The Semantic Web is a collaborative movement led by international standards body the World Wide Web Consortium (W3C). The standard promotes common data formats on the World Wide Web. By encouraging the inclusion of semantic content in web pages, the Semantic Web aims at converting the current web, dominated by unstructured and semi-structured documents into a "web of data". The Semantic Web stack builds on the W3C's Resource Description Framework (RDF).

== Overview ==

The Semantic Web Stack is an illustration of the hierarchy of languages, where each layer exploits and uses capabilities of the layers below. It shows how technologies that are standardized for Semantic Web are organized to make the Semantic Web possible. It also shows how Semantic Web is an extension (not replacement) of classical hypertext web.

The illustration was created by Tim Berners-Lee. The stack is still evolving as the layers are concretized. (Note: A humorous talk on the evolving Semantic Web stack was given at the 2009 International Semantic Web Conference by James Hendler.)

== Semantic Web technologies ==

As shown in the Semantic Web Stack, the following languages or technologies are used to create Semantic Web. The technologies from the bottom of the stack up to OWL are currently standardized and accepted to build Semantic Web applications. It is still not clear how the top of the stack is going to be implemented. All layers of the stack need to be implemented to achieve full visions of the Semantic Web.

=== Hypertext Web technologies ===

The bottom layers contain technologies that are well known from hypertext web and that without change provide basis for the semantic web.

- Internationalized Resource Identifier (IRI), generalization of URI, provides means for uniquely identifying semantic web resources. Semantic Web needs unique identification to allow provable manipulation with resources in the top layers.
- Unicode serves to represent and manipulate text in many languages. Semantic Web should also help to bridge documents in different human languages, so it should be able to represent them.
- XML is a markup language that enables creation of documents composed of semi-structured data. Semantic web gives meaning (semantics) to semi-structured data.
- XML Namespaces provides a way to use markups from more sources. Semantic Web is about connecting data together, and so it is needed to refer more sources in one document.

=== Standardized Semantic Web technologies ===

Middle layers contain technologies standardized by W3C to enable building semantic web applications.

- Resource Description Framework (RDF) is a framework for creating statements in a form of so-called triples.

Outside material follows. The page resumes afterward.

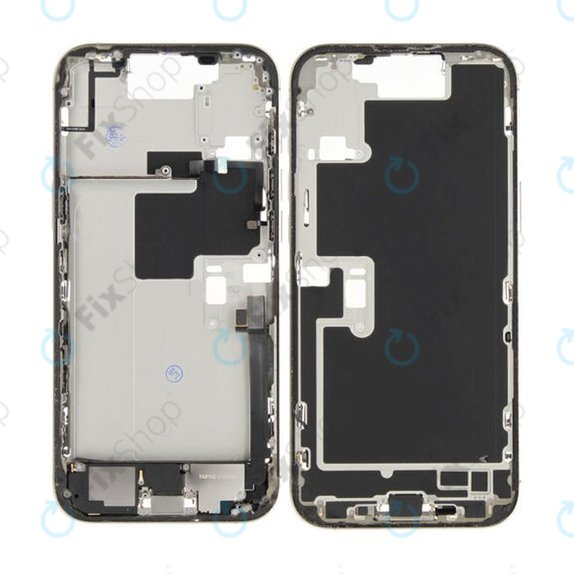 Ramka srodkowa do iPhone 16 Pro Max, Przyciski zasilania i głośności, Natural Titanium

It enables to represent information about resources in the form of graph - the semantic web is sometimes called Giant Global Graph.
- RDF Schema (RDFS) provides basic vocabulary for RDF. Using RDFS it is for example possible to create hierarchies of classes and properties.
- Web Ontology Language (OWL) extends RDFS by adding more advanced constructs to describe semantics of RDF statements. It allows stating additional constraints, such as for example cardinality, restrictions of values, or characteristics of properties such as transitivity. It is based on description logic and so brings reasoning power to the semantic web.
- SPARQL is a RDF query language - it can be used to query any RDF-based data (i.e., including statements involving RDFS and OWL). Querying language is necessary to retrieve information for semantic web applications.
- RIF is a rule interchange format. It is important, for example, to allow describing relations that cannot be directly described using description logic used in OWL.

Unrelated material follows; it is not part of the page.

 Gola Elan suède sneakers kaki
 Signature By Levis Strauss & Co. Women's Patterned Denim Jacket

=== Unrealized Semantic Web technologies ===

Top layers contain technologies that are not yet standardized or contain just ideas that should be implemented in order to realize Semantic Web.

- Cryptography is important to ensure and verify that semantic web statements are coming from trusted source. This can be achieved by appropriate digital signature of RDF statements.
- Trust to derived statements will be supported by (a) verifying that the premises come from trusted source and by (b) relying on formal logic during deriving new information.
- User interface is the final layer that will enable humans to use semantic web applications.